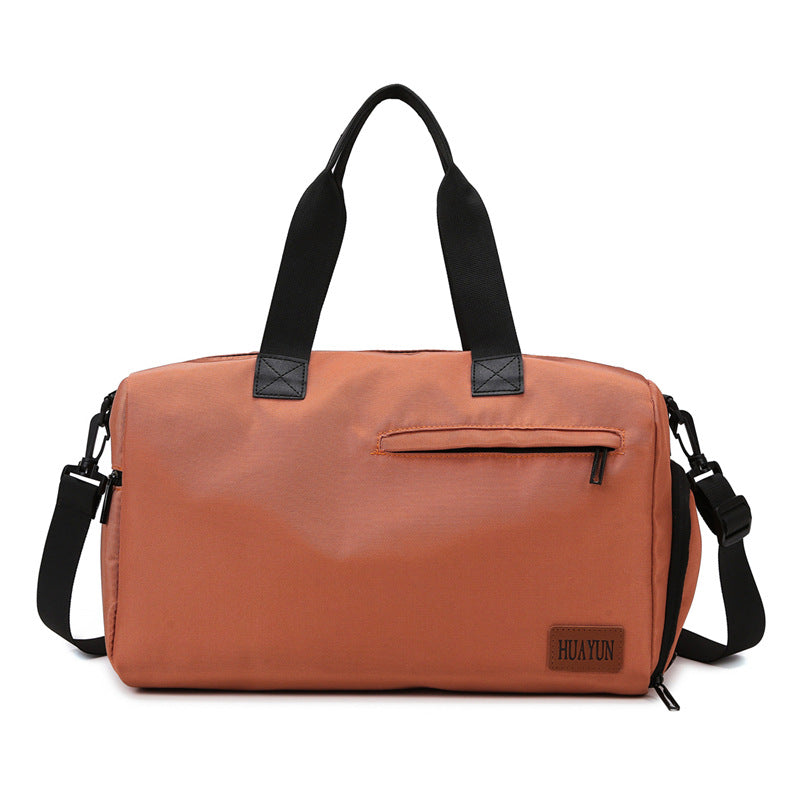 Lightweight Multi-Functional Travel Duffle Bag Kalsten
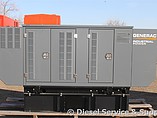 2012 GENERAC 35 KW Photo #1
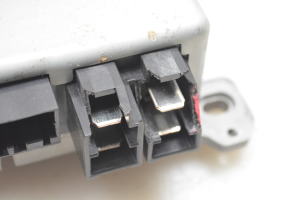 Honda Civic VII (2000–2006) Relais ABS-Block 39980S6AG131M1 - 2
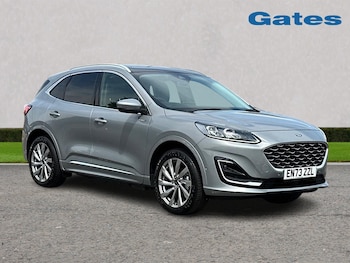 Used Ford Kuga 2024 for sale - 75715372: Photo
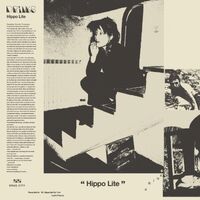 Drinks - Hippo Lite vinyl cover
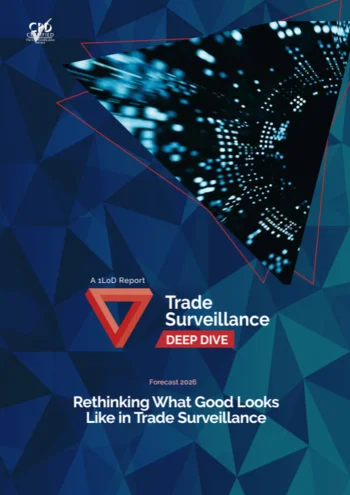 Trade Surveillance Report 2025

Your task :: Word for word, return the material above; the pictures stay out.

Answer to the exercise ::
 Lightweight Multi-Functional Travel Duffle Bag Kalsten
 2012 GENERAC 35 KW Photo #1
 Honda Civic VII (2000–2006) Relais ABS-Block 39980S6AG131M1 - 2
 Used Ford Kuga 2024 for sale - 75715372: Photo
 Drinks - Hippo Lite vinyl cover
 Trade Surveillance Report 2025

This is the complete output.